Recently, I commented on a rather absurd list that was doing the rounds, and which called itself “100 Books You Can’t Live Without”. Since the best way to respond to a list one doesn’t like is to make up one of one’s own, I thought it might be fun to have a go.
All lists are a bit silly, and my list below is no exception. The problem with making up any list such as this is, of course, all those items one has to exclude. But for all that, the list below does provide, I think, an accurate reflection of my literary tastes and values.
But first, one has to make a few rules. I decided to exclude reference books (dictionaries, encyclopaedias, and the like). And I decided to exclude art books: I have in my library a number of beautifully illustrated books on art and architecture, but since this list is intended to reflect my taste in literature rather than my taste in the visual arts, I have decided not to include them.
And I decided to exclude also the “Collected Works” – although it seemed reasonable to make exceptions for collections of short stories, and of poems. One could easily find omnibus volumes packed full of the collected works of favourite authors, but selecting such volumes does not indicate which of those works are the most valuable to me. If I were to choose, say, The Complete Works of William Shakespeare, then I’m putting The Two Gentlemen of Verona on much the same level as Twelfth Night in my preferences – and that’s just silly.
Of course, one has to be careful not to pack the list with too many works by the same author: it would be all too easy, for instance, to include some twenty or so of Shakespeare’s works. But a list such as this should ideally give some indication of the range of one’s literary interests.
And finally: I have only chosen books that I have read; or, in the case of collections of poems or of short stories, books that I have read at least in part. There are many books I haven’t yet read, but think I’d like as and when I come round to doing so: these books I have not included.
For books in translation, I have indicated the translation I have read; or, in cases where I have read more than one translation, I have indicated my preferred version.
Well, that’s enough of a preamble: let’s get started!
Classical literature:
- The Iliad by Homer (Translated by Robert Fagles)
- The Odyssey by Homer (Translated by Robert Fagles)
- The Peloponnesian War by Thucydides (Translated by Benjamin Jowett)

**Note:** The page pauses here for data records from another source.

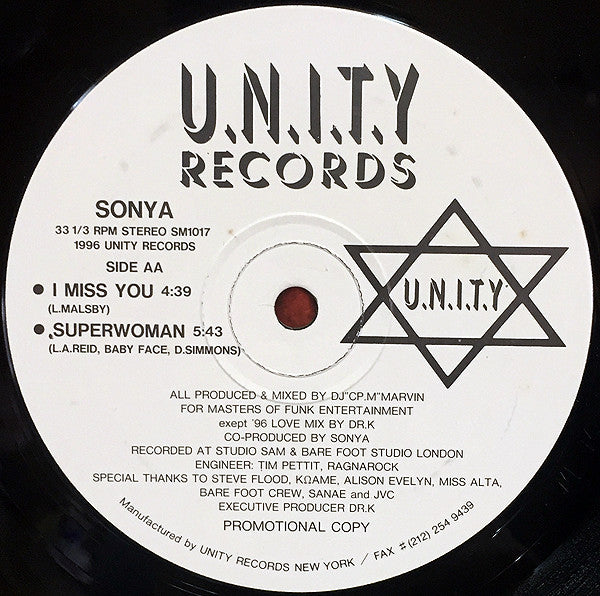 Sonya (17) : Not The Man That I Need (12", Promo)
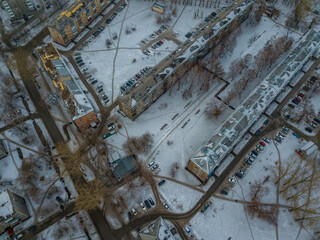 Novokuznetsk city district in early spring from a bird's-eye view
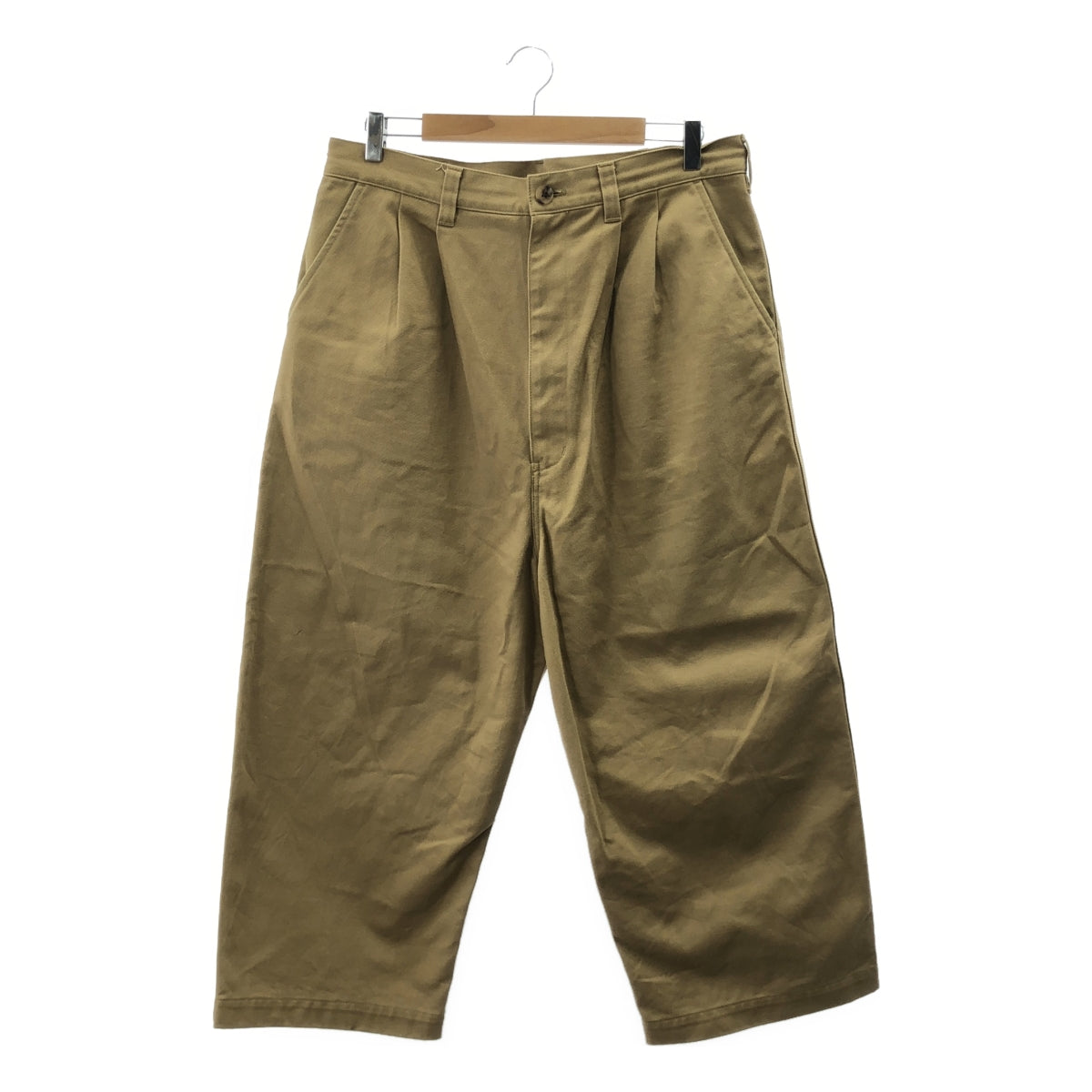 COMME des GARÇONS HOMME | 2022 秋冬 | 抽繩雙褶斜紋棉質闊腿褲 | M碼 | 米色 | 男款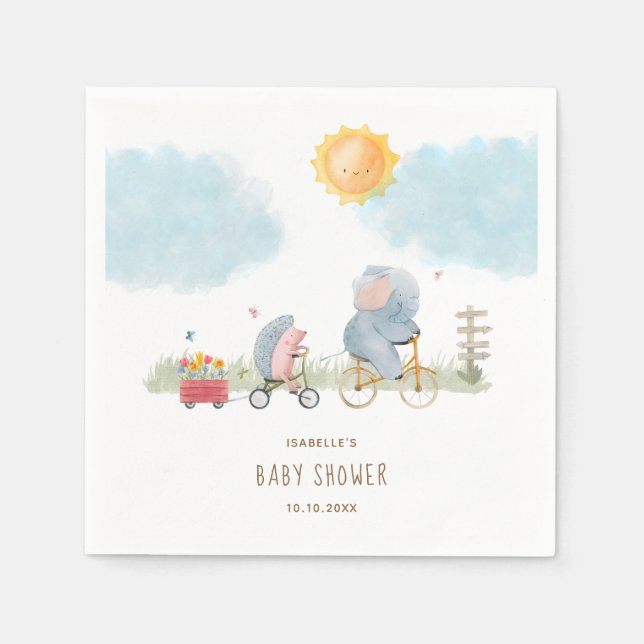Cute Elephant och Hedgehog Baby Shower Pappersservett (Framsidan)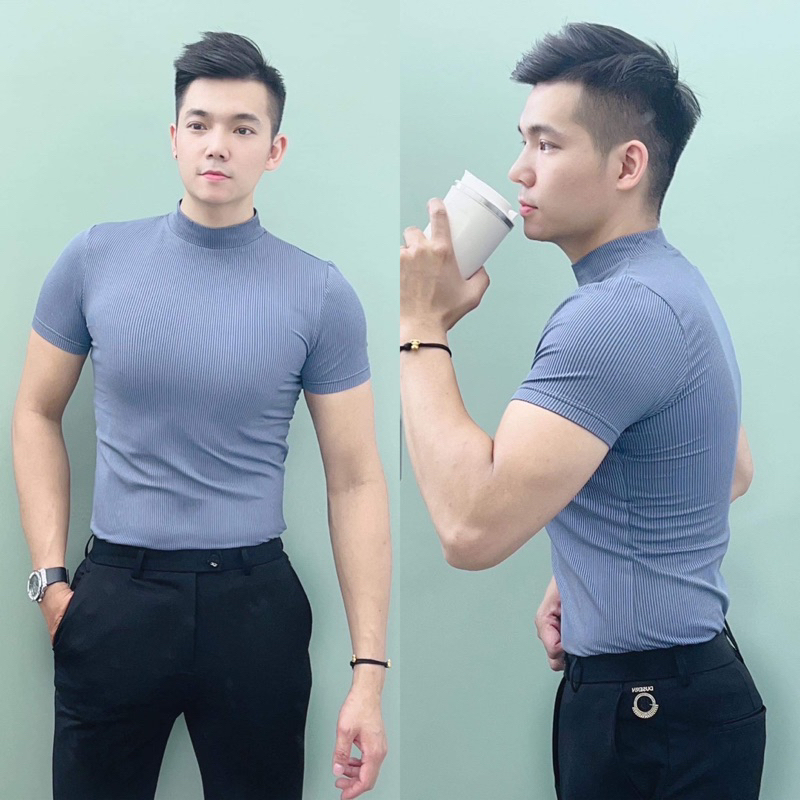 Áo thun nam cổ cao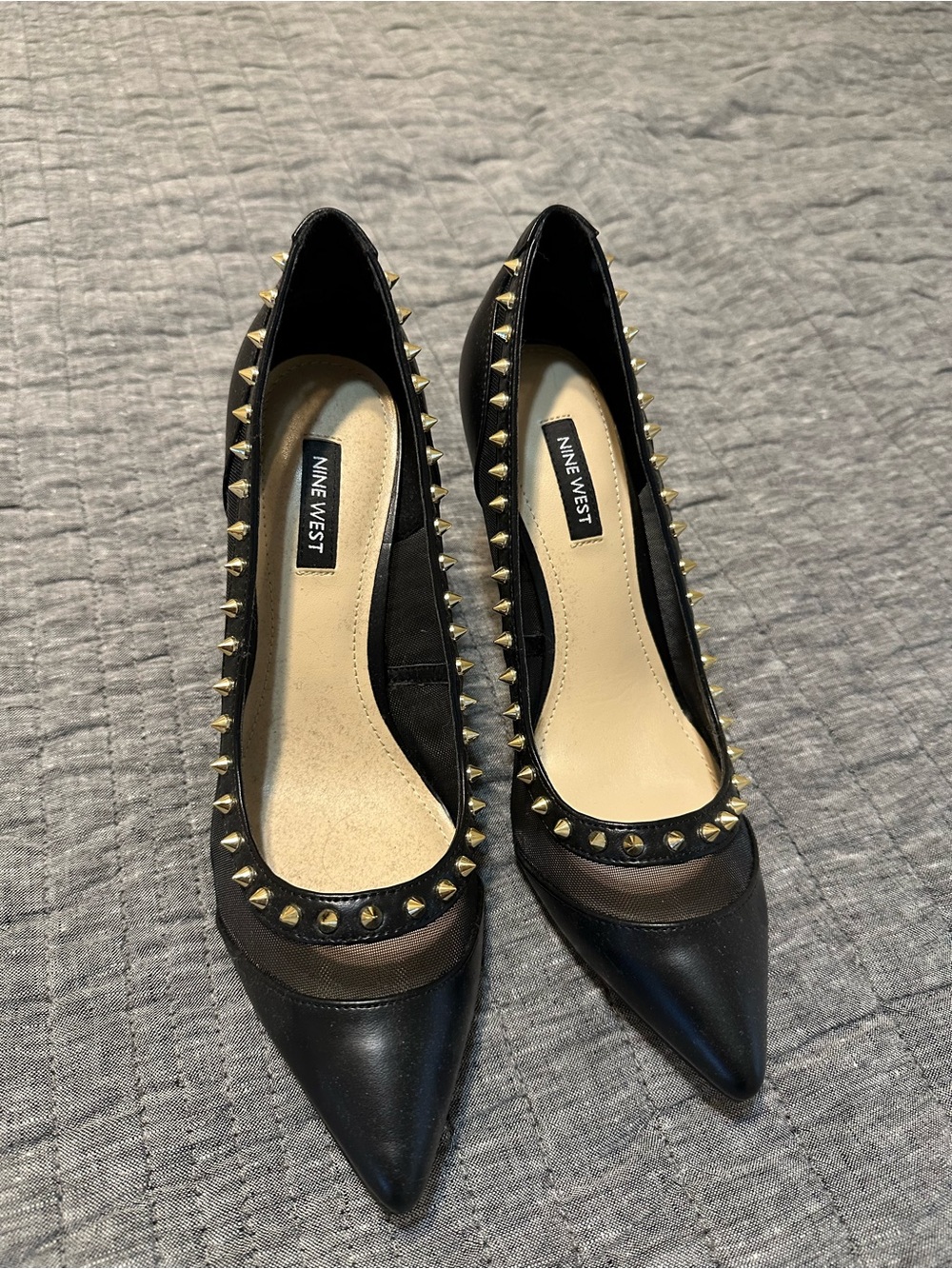 Nine West Black Pointed-Toe Pumps with Gold Stud Trim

- The Oresteia by Aeschylus (Translated by Michael Ewans)
- Oedipus the King by Sophocles (Translated by Gregory McCart)
- The Bacchae by Euripdes (Translated by William Arrowsmith)
- The Aeneid by Virgil (Translated by Robert Fitzgerald)
- Sakuntala by Kalidasa (Translated by Barbara Stoller Muller)
I haven’t had a classical education, but one can’t take a serious interest in literature without at least some knowledge of the Classical world. The three great epics – The Iliad, The Odyssey, and The Aeneid – are surely mandatory reading.
I have been particularly taken by Greek tragedies, and collecting (and reading) different translations of the Oresteia of Aeschylus has become something of a hobby.
Alongside these tragic dramas, I had to pick the Peloponesian War of Thucydides, which is as great a tragic masterpiece as any written by the dramatists. And, from a very different classical culture, I have picked Sakuntala by Kalidasa, a play whose vision penetrates beyond the tragic world, and imagines – much as Shakespeare was to do in his late plays – a world in which all losses are restored, and sorrows end.
(I have read three translations of this play – by Barbara Stoller Muller, by Michael Coulson, and by Chandra Rajan, and have picked the first of these as it comes in a splendid volume, supplemented with essays by Romila Thapar, discussing this play in its cultural context.)
Shakespeare and the Bible
9. The Authorised Version of the Bible
10. Henry IV, 1 & 2 by William Shakespeare
11.Twelfth Night by William Shakespeare
12. Othello by William Shakespeare
13. King Lear by William Shakespeare
14. Antony and Cleopatra by William Shakespeare
15. The Winter’s Tale by William Shakespeare
16. Sonnets by William Shakespeare
No, I haven’t read all of the Bible. But I do intend to. And I have chosen the Authorised King James version. I am not too keen on using this version as a stick with which to beat the more modern translations, as many of these modern translations seem very fine to me. But for all that, it’s the King James version that lovers of literature tend most often to turn to.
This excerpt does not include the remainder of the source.